Is there a role for lipolysis in RictorAdipoq-cre mice? We did not detect a lipolysis defect in primary cells suggesting altered lipolysis may not be a primary effect of Rictor loss. However, tissue explants from the RictorAdipoq-cre mice exhibit an increase in glycerol release suggesting elevated lipolysis likely contributes eventually to the in vivo RictorAdipoq-cre phenotype. Elevated lipolysis would increase FA flux to the liver, which was recently shown to be a mechanism of impairing HGP45. Notably, a recent reevaluation of the literature reveals that insulin resistance exists in human obesity without elevated FFAs, and that elevated FFAs do not necessarily cause insulin resistance46. Moreover, mice consuming a HFD for only a few days have impaired glucose uptake into fat and impaired HGP without altered plasma FFA levels or reduced muscle glucose uptake, and without inflammation or altered adipokine secretion10. Nevertheless, the use of inducible KO models and in vivo metabolomics is required to define progressively the pathogenesis of hepatic insulin resistance in RictorAdipoq-cre mice.

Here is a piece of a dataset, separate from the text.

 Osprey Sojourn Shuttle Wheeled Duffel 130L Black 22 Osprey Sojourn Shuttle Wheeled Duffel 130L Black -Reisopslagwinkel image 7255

A complication after organ transplantation is a syndrome called new onset diabetes after transplantation47,48. Immunosuppressants such as rapamcyin associate with new onset diabetes after transplantation, and in rodent models, rapamycin causes glucose intolerance and insulin resistance49,50,51; however, the mechanism of rapamycin-induced metabolic disease is unresolved. Rapamycin's ability to inhibit hepatic mTORC2 may explain why it causes glucose intolerance because mice lacking hepatic Rictor but not Raptor are glucose intolerant52; however, hepatic Rictor-deficient mice have relatively normal insulin sensitivity indicating unknown extra-hepatic target(s) likely contribute to rapamycin-induced metabolic syndrome. Our genetic model suggests that targeting adipose tissue mTORC2 may be one mechanism by which rapamycin causes insulin resistance. However, rapamycin's effect on fat metabolism is likely complex and fully understanding it will require carefully analysing the acute and chronic effects of inhibiting each mTOR complex versus rapamycin in different fat depots.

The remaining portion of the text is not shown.